The legislative body replaces the ruling National Transitional Council, which took power after a popular uprising toppled Gaddafi last year, and will appoint a new interim government as well as a constituent authority.

Libyans have had only a brief opportunity -- 18 days -- to familiarise themselves with party candidates and independents who are vying for 80 and 120 seats, respectively, in the General National Congress.

Posters of party and individual candidates -- the majority of them newcomers in a budding political scene -- compete for space and attention on busy street corners.

The rich palette of colours that replaced the old regime's uniform green on the streets has infused the Mediterranean capital with all the magic of a summer carnival.

Campaigning closes tomorrow.

The electoral commission deemed 2,501 independents and 1,206 political association candidates eligible to run after vetting. A total of 142 political entities are fielding candidates.

The push to become a household name has seen increasingly larger ads take over public spaces, including residential fronts and phone lines, once the exclusive prerogative of the only master on board,Gaddafi .

Reflecting high hopes, more than 2.7 million Libyans, or around 80 percent of the eligible electorate, have registered for the election. But many are still fuzzy on the details of how to vote and haven't decided whom to support.

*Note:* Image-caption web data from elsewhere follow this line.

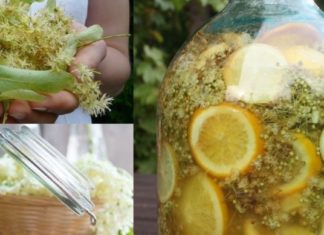 ჰიპერტონიის დროს ძალიან კარგი შედეგი აქვს ამ ნარევის მიღებას! დროში გამოცდილი წამალი, რომელიც აუცილებლად გახდება თქვენი რჩეული !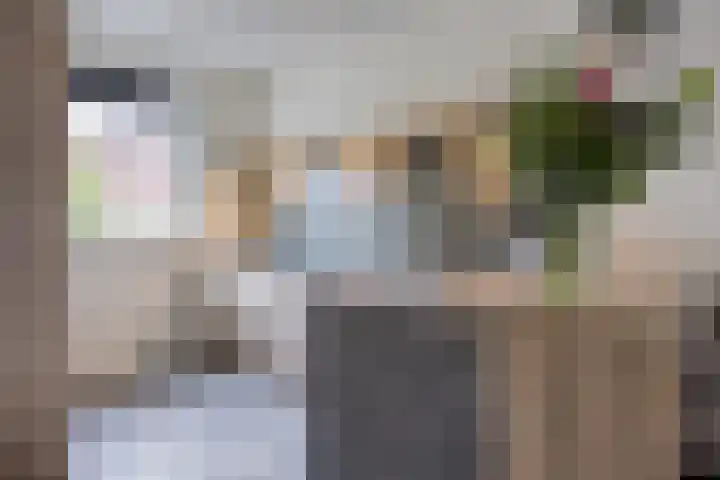 Meienshovel 28 Bergeijk thumbnail 7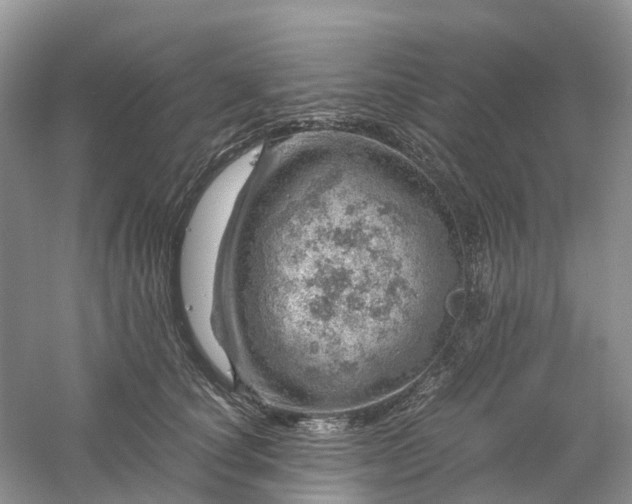 X0000061110660200512022127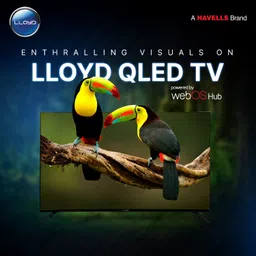 lloyd 109 cm (43 inch) QLED Ultra HD (4K) Smart WebOS TV image 3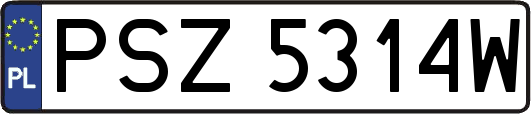 PSZ5314W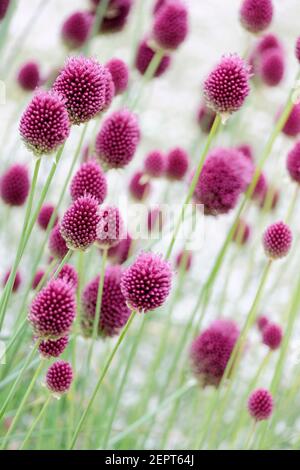 Allium sphaerocephalon. Drumstick allium, aglio a testa tonda, porro a testa tonda. Sinonimi - Allium cilicum, Allium discendens Foto Stock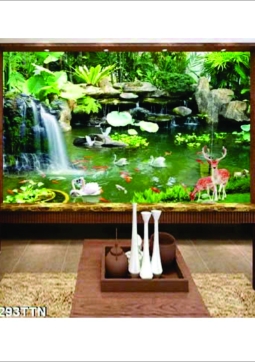 TPT SỐ 11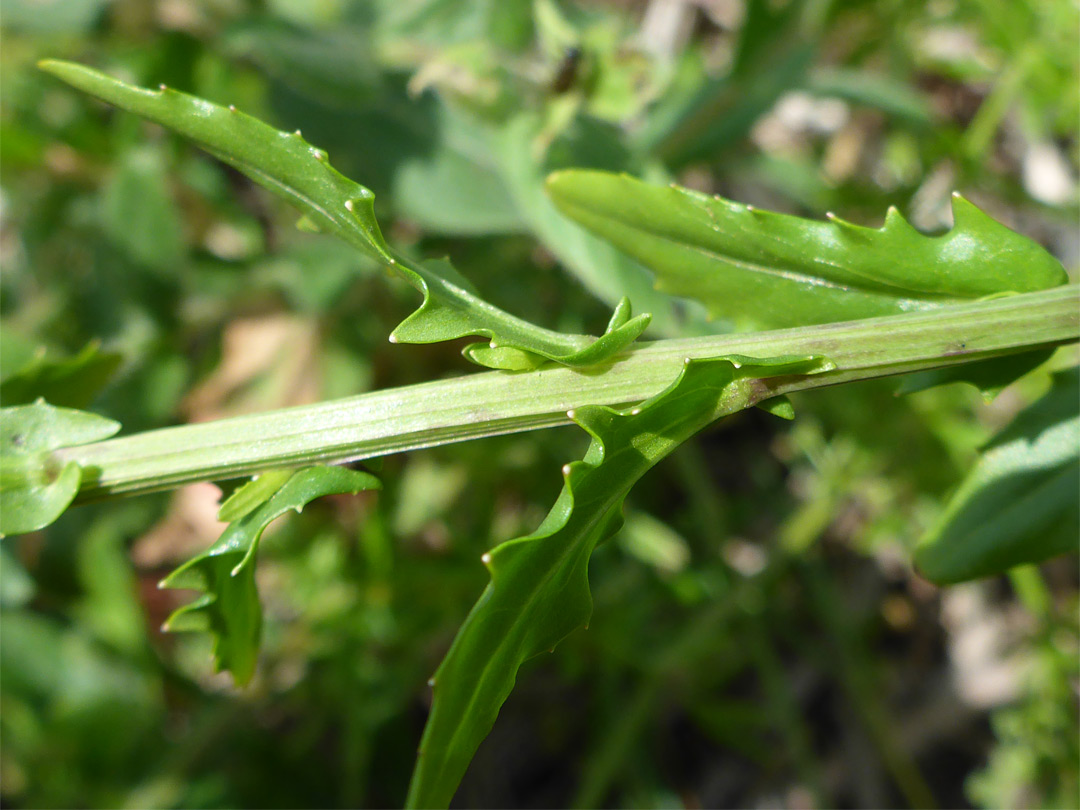 Toothed leaves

"You can't blame them; it's a new experience for them," says Abdelmajid Mahjoub, a university student in Tripoli.

Ahmed Larbi, a postal worker in his sixties, says he "doesn't know any of the candidates running" in his voting district, Hay al-Andalus, a posh residential neighbourhood of the capital.

He plans to wing his vote by imitating others because he doesn't know how.

This is not an isolated case and many are in on the same boat despite the leaflets and stickers published by the electoral commission to facilitate understanding of the voting procedures.

Campaigning and advertising in the run-up to elections have partly helped to close that knowledge gap, and the electoral commission has admonished media on several occasions for not playing a larger role in voter education.

One channel, Libya Elects, presents candidates and their curriculums in monotonous slide show fashion, in an apparent bid to respect guidelines allocating candidates equal air time.

The electoral commission capped campaign spending at 70,000 Libyan dinars ($55,188/44,000 euros) for independent and 150,000 dinars for party candidates but there are no verification mechanisms in place.

Foreign funding is prohibited.

Libyans and their international partners are keen to hold the historic vote, the first national poll after four decades of iron-fisted rule under Gaddafi, who dismissed political parties and elections as a construct of the West.

Despite fierce clashes in the nearby Nafusa mountains and further afield in the desert city of Kufra in the east, the interim authorities have reiterated their commitment to hold the vote on Saturday as promised.

The United Nations Support Mission to Libya has been assisting the electoral commission and the interim authorities to that end. The EU, meanwhile, has already dispatched a team of 21 observers across the country.

Libyans and international observers seem to agree that the first-time vote doesn't have to be perfect and hope that it will unfold peacefully despite threats of boycott and sabotage by some parties in the east.

"This vote in many ways is a rehearsal," said one Western diplomat.